The most successful car brands use design to communicate something consistent and recognizable across every model they make. Audi's restrained, horizontal emphasis has been one of the most focused design executions of any brand — there's a family resemblance across every car in the range that tells you exactly what you're looking at before you see the badge. BMW's kidney grille, Porsche's rounded fastback profile, Volvo's clean Scandinavian surfacing — these aren't just aesthetic choices, they're branding decisions executed in sheet metal.
When Chris Bangle took over BMW's design direction in the early 2000s, his radical reinterpretation of the brand's visual language provoked genuine controversy. Critics hated it. But the numbers told a different story: global BMW sales increased around 70% between 2000 and 2006. What felt jarring eventually became familiar, and familiar became aspirational. The lesson stuck — bold design, even initially divisive design, can build brand value over time.
Ian Callum's tenure at Jaguar demonstrated something similar. The redesigned F-Type pulled a younger demographic into the brand and contributed to Jaguar seeing a 40% rise in US sales between 2013 and 2016. A well-designed car doesn't just sell itself — it changes who comes into the showroom in the first place.

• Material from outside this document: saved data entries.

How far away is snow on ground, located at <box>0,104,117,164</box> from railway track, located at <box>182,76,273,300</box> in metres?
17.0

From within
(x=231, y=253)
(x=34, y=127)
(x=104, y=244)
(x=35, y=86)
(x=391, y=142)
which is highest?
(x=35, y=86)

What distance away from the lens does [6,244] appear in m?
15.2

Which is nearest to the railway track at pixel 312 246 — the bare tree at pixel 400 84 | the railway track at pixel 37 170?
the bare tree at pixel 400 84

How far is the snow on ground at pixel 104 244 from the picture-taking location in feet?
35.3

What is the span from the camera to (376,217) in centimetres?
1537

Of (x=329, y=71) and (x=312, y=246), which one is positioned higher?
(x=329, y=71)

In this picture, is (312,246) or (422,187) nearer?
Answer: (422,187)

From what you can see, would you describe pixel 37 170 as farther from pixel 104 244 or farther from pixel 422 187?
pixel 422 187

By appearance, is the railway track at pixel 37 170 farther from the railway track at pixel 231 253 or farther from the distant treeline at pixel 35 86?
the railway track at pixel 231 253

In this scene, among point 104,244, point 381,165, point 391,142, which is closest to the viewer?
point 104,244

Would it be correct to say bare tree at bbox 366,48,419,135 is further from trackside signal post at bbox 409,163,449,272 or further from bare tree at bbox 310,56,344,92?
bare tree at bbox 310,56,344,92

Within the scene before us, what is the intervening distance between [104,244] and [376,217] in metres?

The Emotional Trigger of Nostalgia

One of the more reliable tools in automotive design is the deliberate callback to an iconic past model. The Ford Bronco's return generated enormous pre-order volumes on the strength of its visual connection to the original. The Volkswagen ID.Buzz references the classic Microbus while packaging it around a modern electric drivetrain. These aren't cynical moves — they work because they tap into genuine emotional connection.
According to a CarGurus survey, 68% of car lessees said they would re-lease from the same brand if the next-generation vehicle maintained a similar look and feel. Continuity in design language builds loyalty because it reduces the anxiety of upgrading — the new version feels familiar enough to be comfortable but different enough to feel like progress.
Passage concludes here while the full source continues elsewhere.